The actual normalization is performed by the libraries engine, which parses log lines, based on the samples, into fields. This creates an in-memory representation of the event, which can than be processed by the driving application or be written to some other media or the network.

Liblognorm will come with a small toll called “the normalizer”. It is a minimal library user: it loads a sample database and reads log lines from standard input, creates the event in-memory representation and then writes this representation to standard output in a standardized format. So far, it supports formats as they are expected for the upcoming CEE standard.

The result of a normalizer run on my test input file based on the provided sample base can be seen here. The output is actually a bit more verbose than described above, because it lists the to-be-normalized line as well. If you look at the properties I extracted, you’ll probably notice that some do not make too much sense (maybe…). Also, a classification of the message is missing. Don’t care about these aspects right now: it’s a proof of concept and these things will be addressed by future development (the classification, for example, will be based on CEE taxonomy via tags).

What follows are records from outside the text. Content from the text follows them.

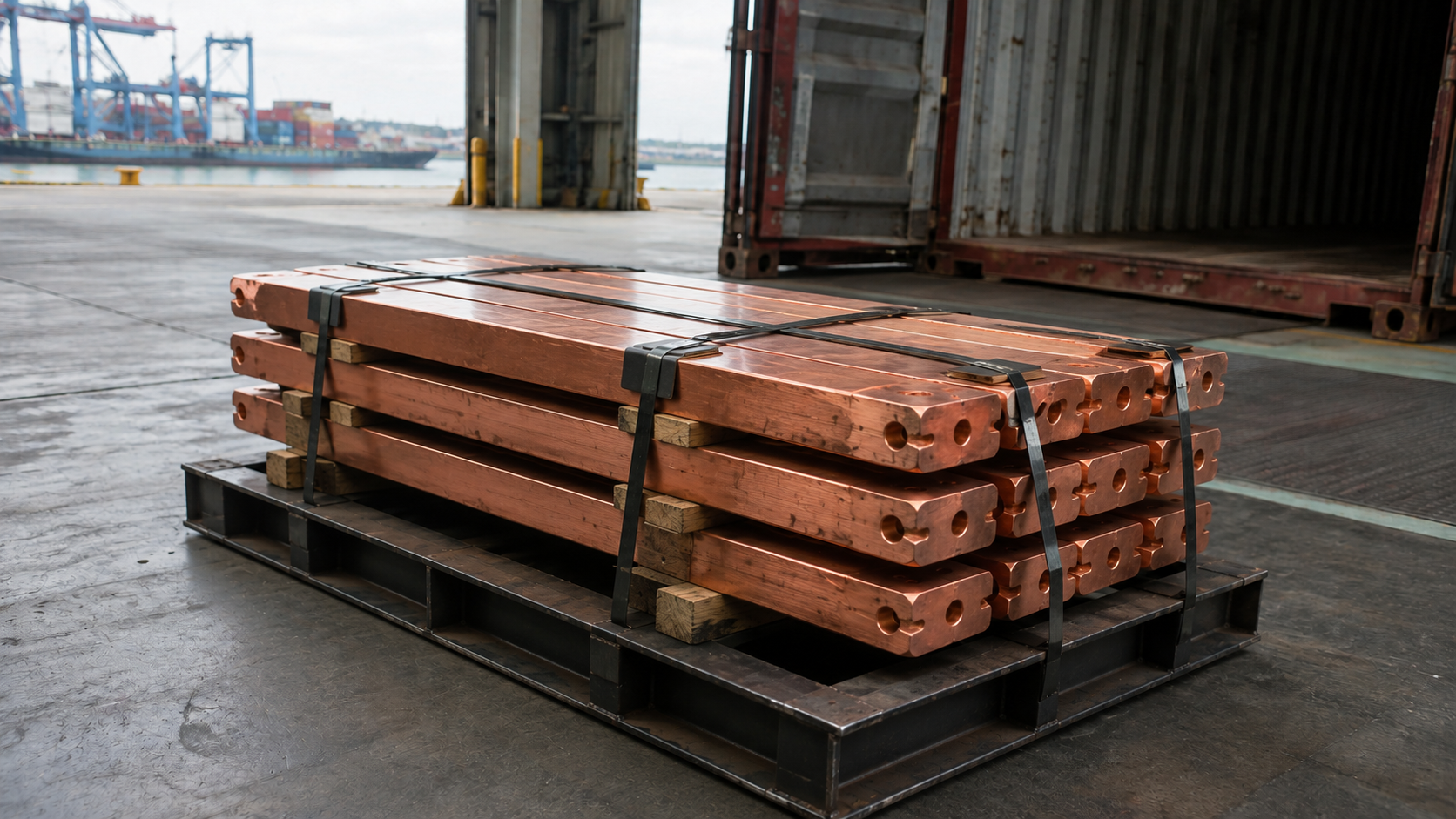 US Copper Imports Hit 12-Year High, Cutting LME Stocks 14% & Raising Delivery Premiums - Article | Crux Investor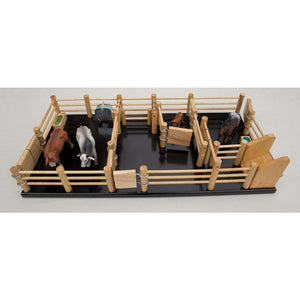 CY3 - Cattle Yard No 3 - Handmade Wooden Toy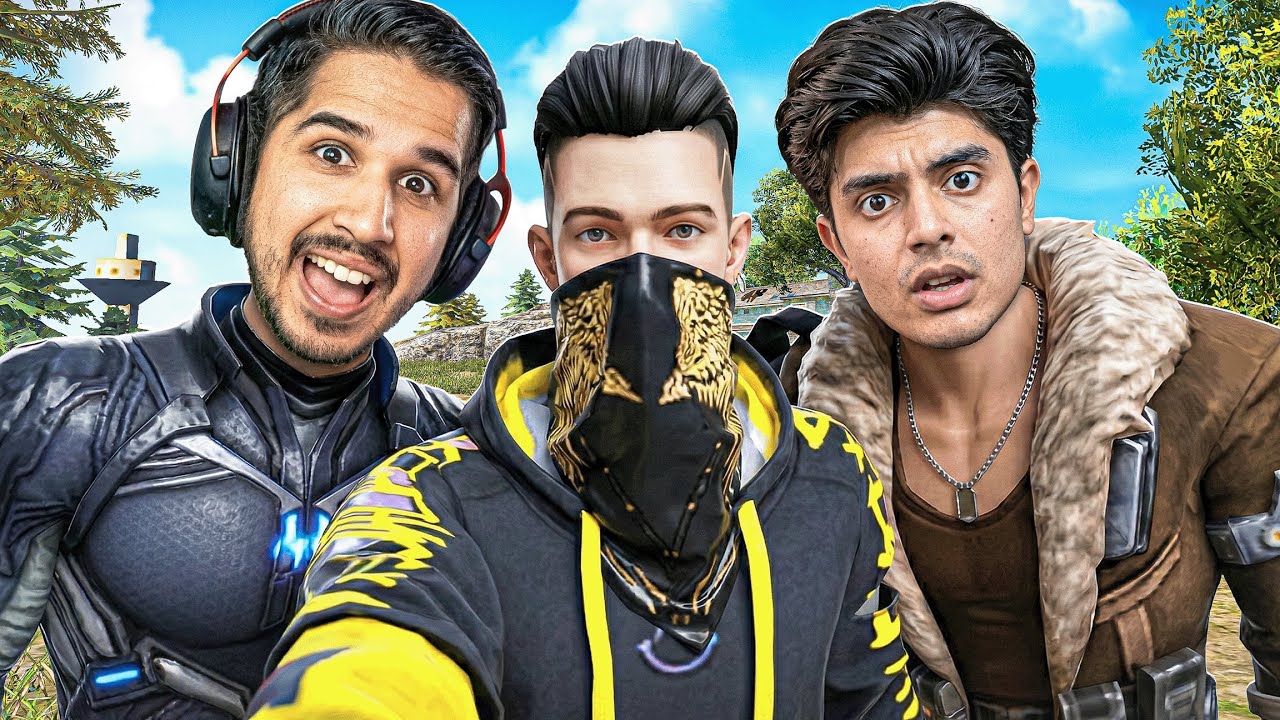 40 Million+ Subs YOUTUBERS in 1 VIDEO! 🔥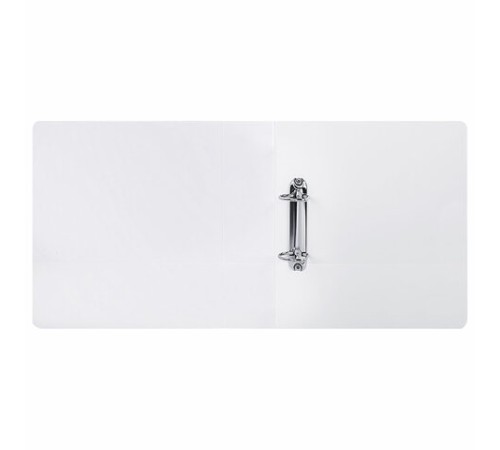 Папка ПАНОРАМА на 2 кольцах, ПРОЧНАЯ, картон/ПВХ, BRAUBERG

I hope I was able to convey some of the power that is available with liblognorm. Of course, a “little bit” of more work and time will be required to get it production-ready. Unfortunately, I will be unavailable for larger parts of the next two weeks (other work now pressing plus a long-awaited seminar ;)), but I will try to get liblognorm as quickly as possible into the best shape possible. In the meantime, if you like, feel free to have a look at its code or play with it. All of what I wrote can actually be done with the versions available in git.